The dust settling on floors and furniture inside Cincinnati, Ohio homes contains microplastics, and researchers now have nearly half a million dollars to find out whether those particles are damaging children's lungs.
A $459,770 grant from the Department of Health and Human Services is funding what would be the first study in the United States to examine whether microplastics inhaled through household dust cause respiratory harm in children. Microplastics, tiny particles between 1 and 5,000 micrometers produced by the breakdown of plastics or manufactured microbeads, are now found virtually everywhere in the environment. Indoor air tends to carry far higher concentrations than outdoor air, which is particularly concerning for children, who spend the majority of their time inside and are closer to the ground where dust accumulates.
Laboratory research has already shown that certain microplastics can trigger inflammation, cause oxidative stress, and worsen allergic reactions to common triggers like dust mites. What has been missing is direct evidence of those effects in real children living in real homes.

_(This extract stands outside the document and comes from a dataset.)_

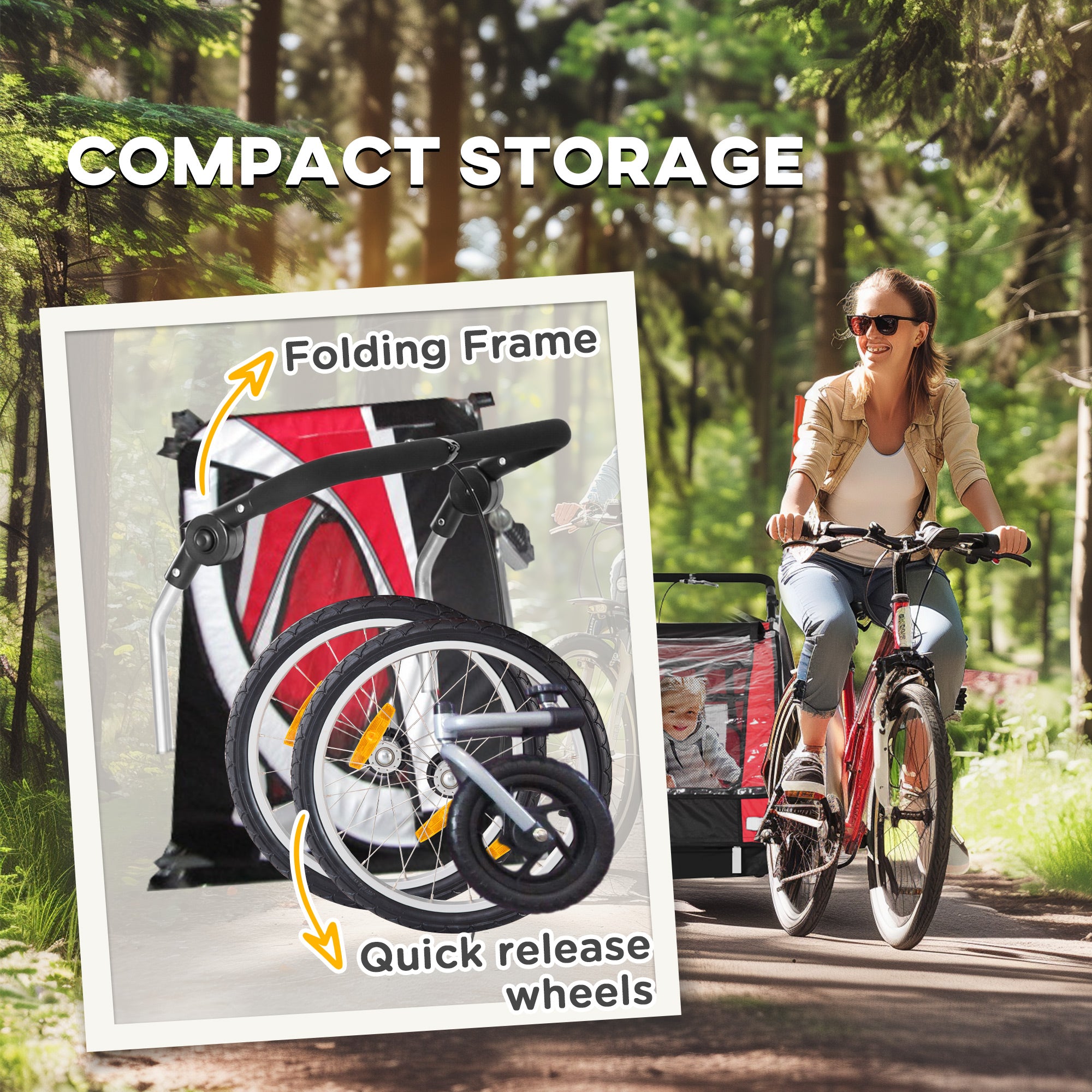 HOMCOM Baby Bike Trailer, Child Bicycle Trailer with 5 Point Harness, Steel Frame, Reflectors, Safety Flag, Hitch Coupler, Red 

The Cincinnati study will draw on an existing resource: the Cincinnati Childhood Allergy and Air Pollution Study (CCAAPS), a long-running research cohort of children from diverse backgrounds whose respiratory health, lung function, and allergy histories have been tracked for years. Researchers will measure microplastics levels in dust collected from participants' homes and look for connections to asthma, wheezing, allergic rhinitis, and lung function at age 7, then follow the same children to age 12 to see whether early exposure predicts later respiratory problems.
The study will also explore whether certain households have higher microplastic levels based on housing type, socioeconomic factors, or other characteristics, potentially pointing to where intervention could matter most.
Results from the Cincinnati project are not expected immediately. The longitudinal component, which follows children from age 7 to 12, means meaningful findings on long-term health effects could be several years away. But researchers say completing the study would give regulators and public health officials their first solid evidence base for addressing microplastic exposure in homes where children live.